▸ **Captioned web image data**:
***
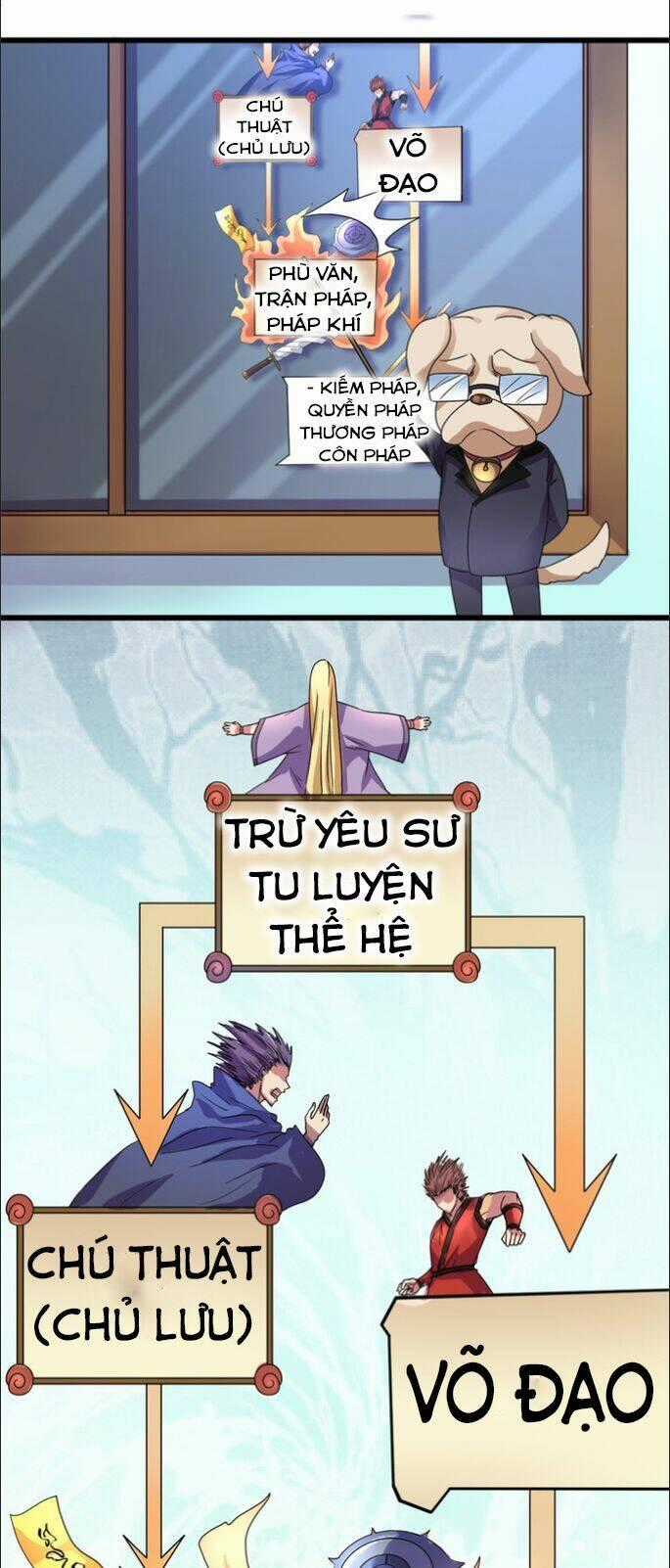 Bị Ép Trở Thành Mạnh Nhất Thế Giới Chapter 11 trang 31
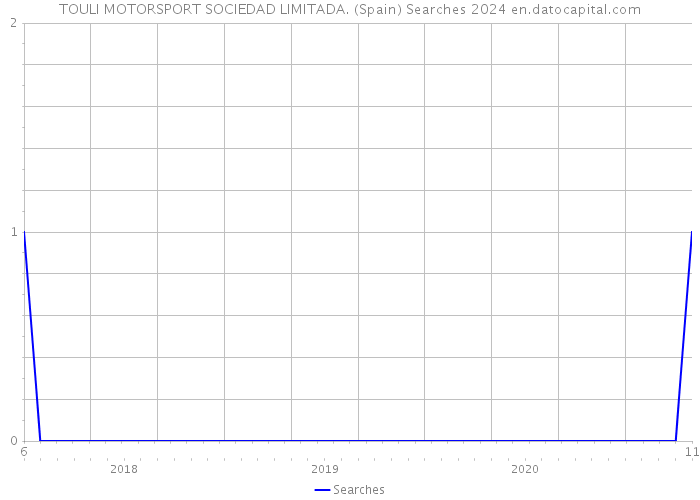 TOULI MOTORSPORT SOCIEDAD LIMITADA. (Spain) Searches 2024 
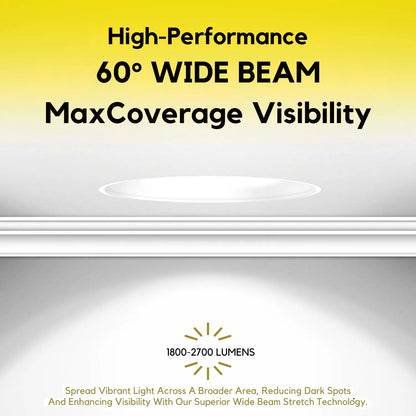 P-7156 3.5 Inch Millwork Trimless Round Brushed Brass HO 18-30W, 1700-2700 Lumens 5CCT Recessed Light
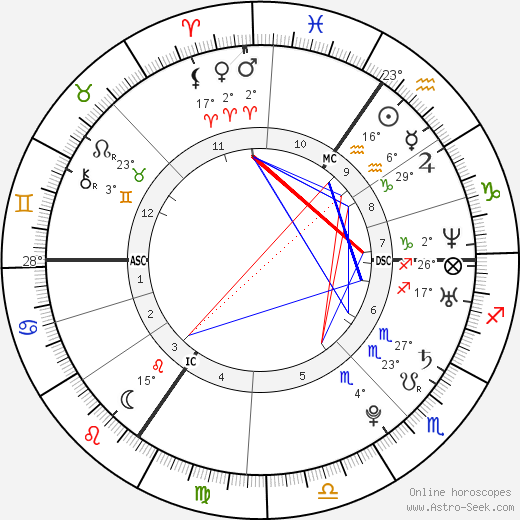 Tatiana Silva birth chart, biography, wikipedia 2023, 2024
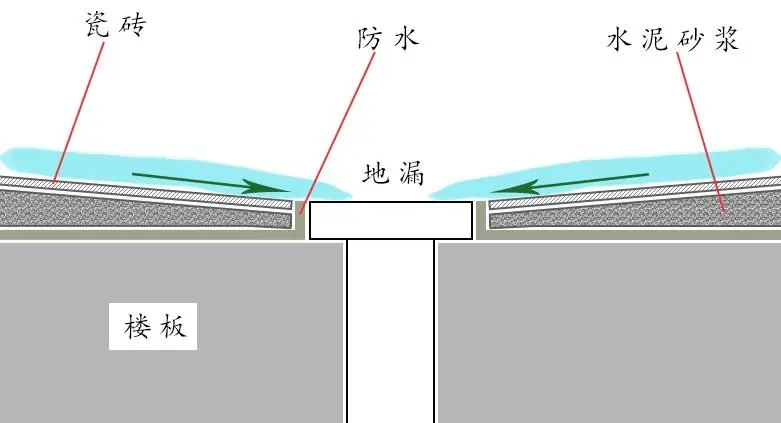 二樓返水，一樓遭殃，誰來擔責？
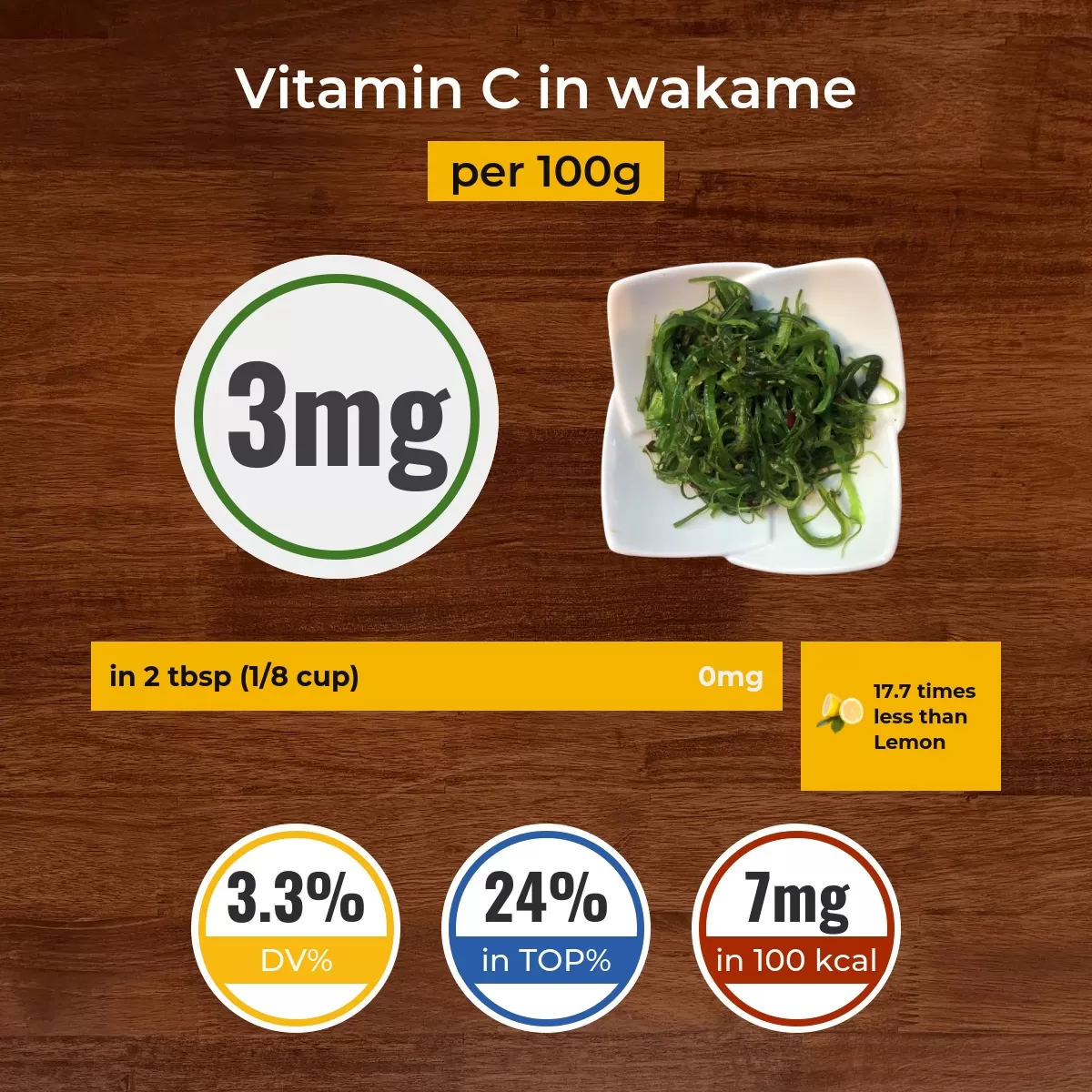 Wakame vitamin C content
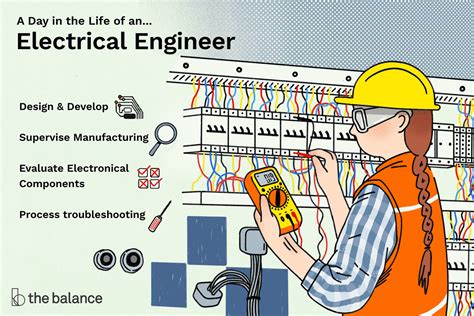 Job Outlook for Electrical Engineers in Georgia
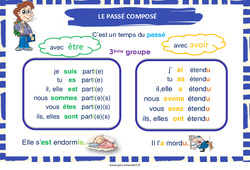 Passé composé des verbes du 3e groupe - Cycle 3 - Affiche de classe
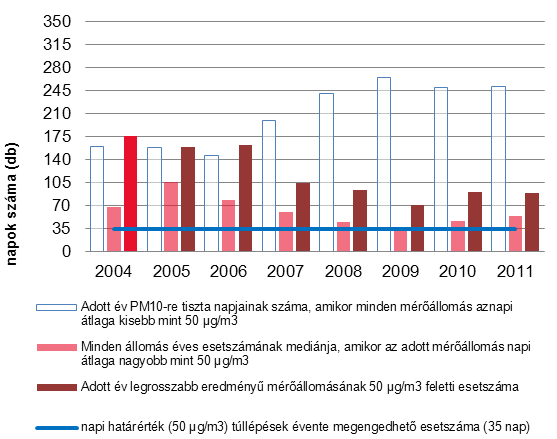 2005 2006 2007 2008 2009 2010 2011 2005 2006 2007 2008 2009 2010 2011 BUDAPEST KÖRNYEZETI ÁLLAPOTÉRTÉKELÉSE 2012. 10.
***
▸ **Task directions**: Quote, exactly and only, the lines from the first line of the data above through the line containing "Wakame vitamin C content". The pictures do not belong in it.

▸ **Solution to the problem**:
 Bị Ép Trở Thành Mạnh Nhất Thế Giới Chapter 11 trang 31
 TOULI MOTORSPORT SOCIEDAD LIMITADA. (Spain) Searches 2024 
 P-7156 3.5 Inch Millwork Trimless Round Brushed Brass HO 18-30W, 1700-2700 Lumens 5CCT Recessed Light
 Tatiana Silva birth chart, biography, wikipedia 2023, 2024
 二樓返水，一樓遭殃，誰來擔責？
 Wakame vitamin C content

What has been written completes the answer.